Add mTHP controls to sysfs to allow user space to configure the folio
sizes that can be considered for allocation of file-backed memory:

  /sys/kernel/mm/transparent_hugepage/hugepages-*kB/file_enable

For now, the control can be set to either `always` or `never` to enable
or disable that size. More options may be added in future.
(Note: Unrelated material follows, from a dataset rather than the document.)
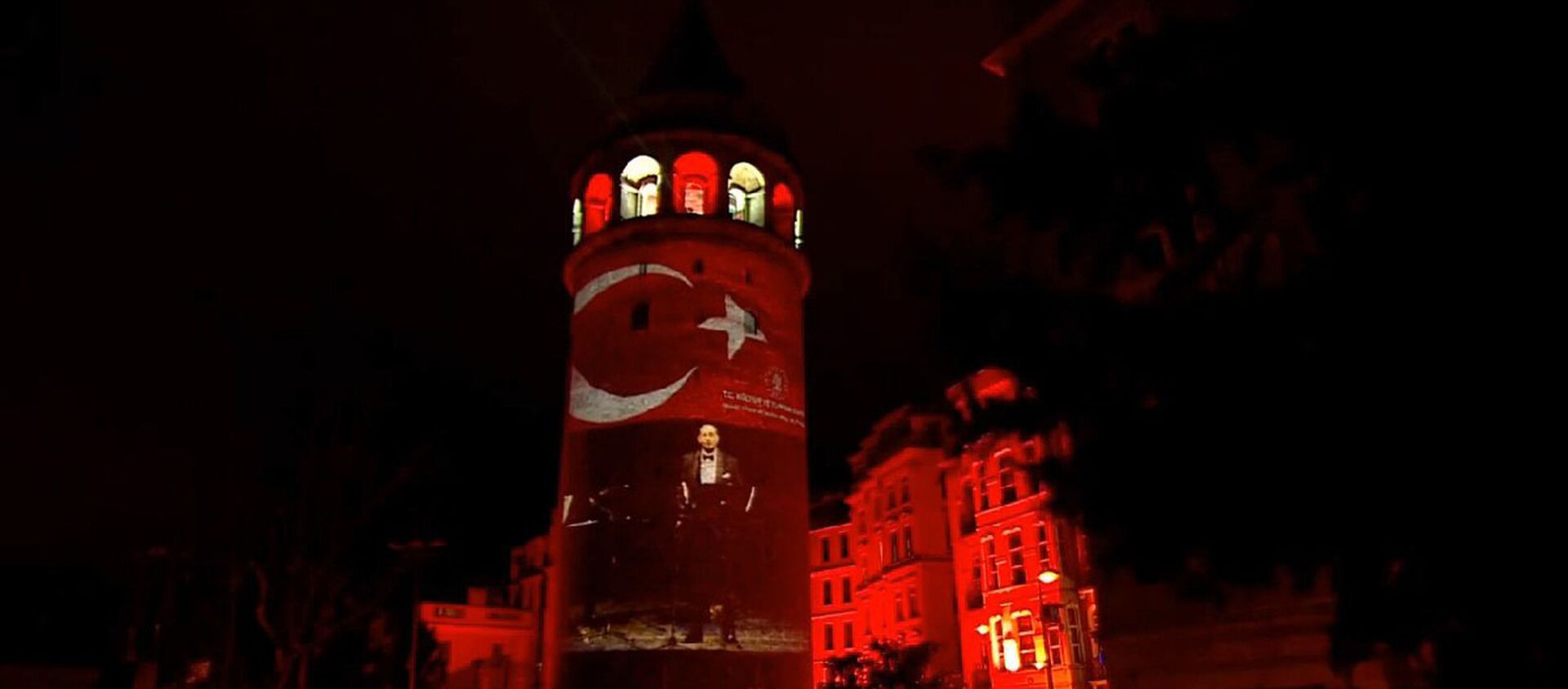 Galata Kulesi’nde İstiklal Marşı’nın 100. yılı gösterisi - Sputnik Türkiye, 1920, 12.03.2021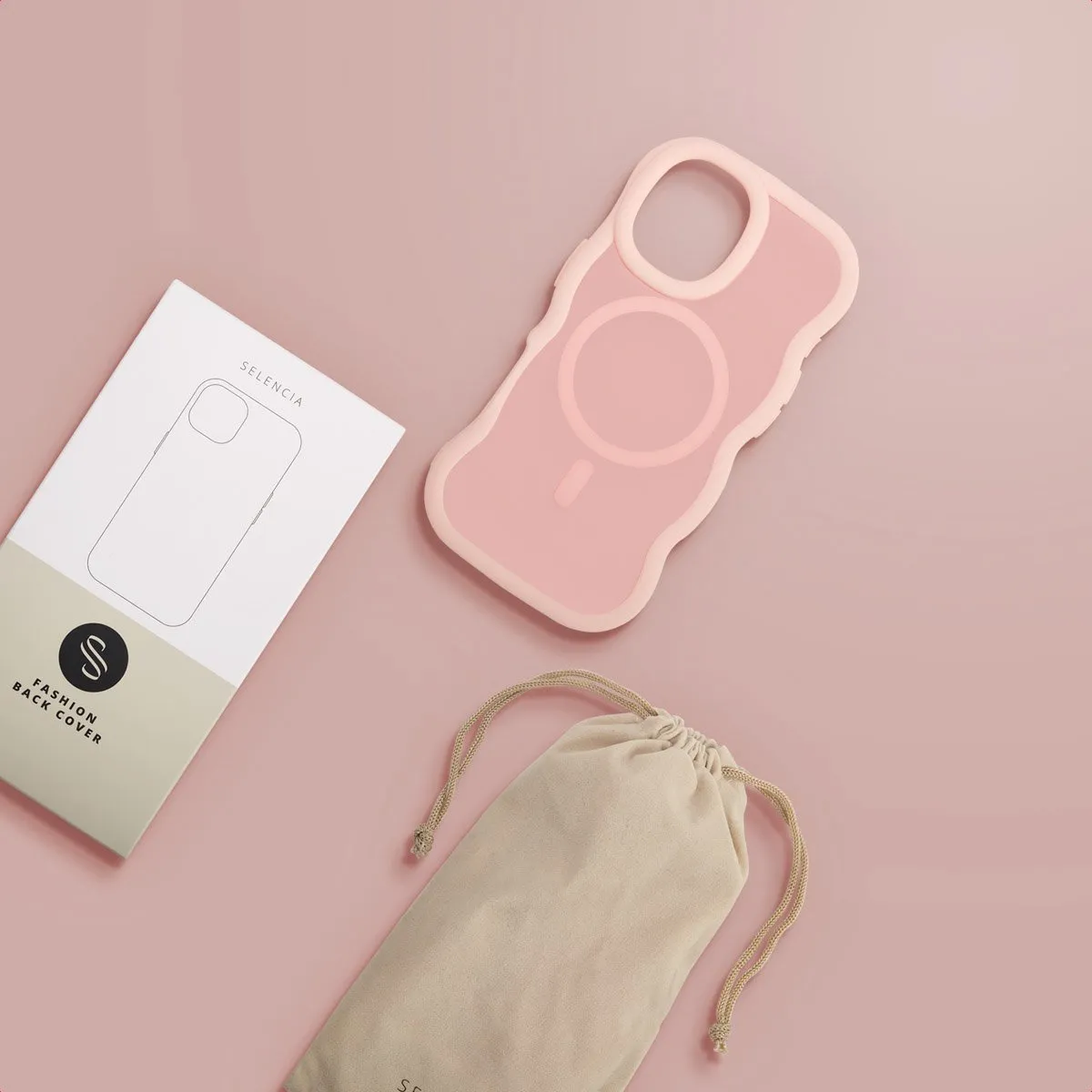 Selencia Wavy Case iPhone 17 - Roze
By default, at boot, all folio sizes are enabled, and the algorithm used
to select a folio size remains conceptually unchanged; increase by 2
enabled orders each time a readahead marker is hit then reduce to the
closest enabled order to fit within bounds of ra size, index alignment
and EOF. So when all folio sizes are enabled, behavior should be
unchanged. When folio sizes are disabled, the algorithm will never
select them.

Systems such as Android are always under extreme memory pressure and as
a result fragmentation often causes attempts to allocate large folios to
fail and fallback to smaller folios. By fixing the pagecache to one
large folio size (e.g. 64K) plus fallback to small folios, a large
source of this fragmentation can be removed and 64K mTHP allocations
succeed more often, allowing the system to benefit from improved
performance on arm64 and other arches that support "contpte".

Signed-off-by: Ryan Roberts <ryan.roberts@arm.com>
---
 Documentation/admin-guide/mm/transhuge.rst | 21 +++++++++
 include/linux/huge_mm.h                    | 50 +++++++++++++---------
 mm/filemap.c                               | 15 ++++---
 mm/huge_memory.c                           | 43 +++++++++++++++++++
 mm/readahead.c                             | 43 +++++++++++++++----
 5 files changed, 138 insertions(+), 34 deletions(-)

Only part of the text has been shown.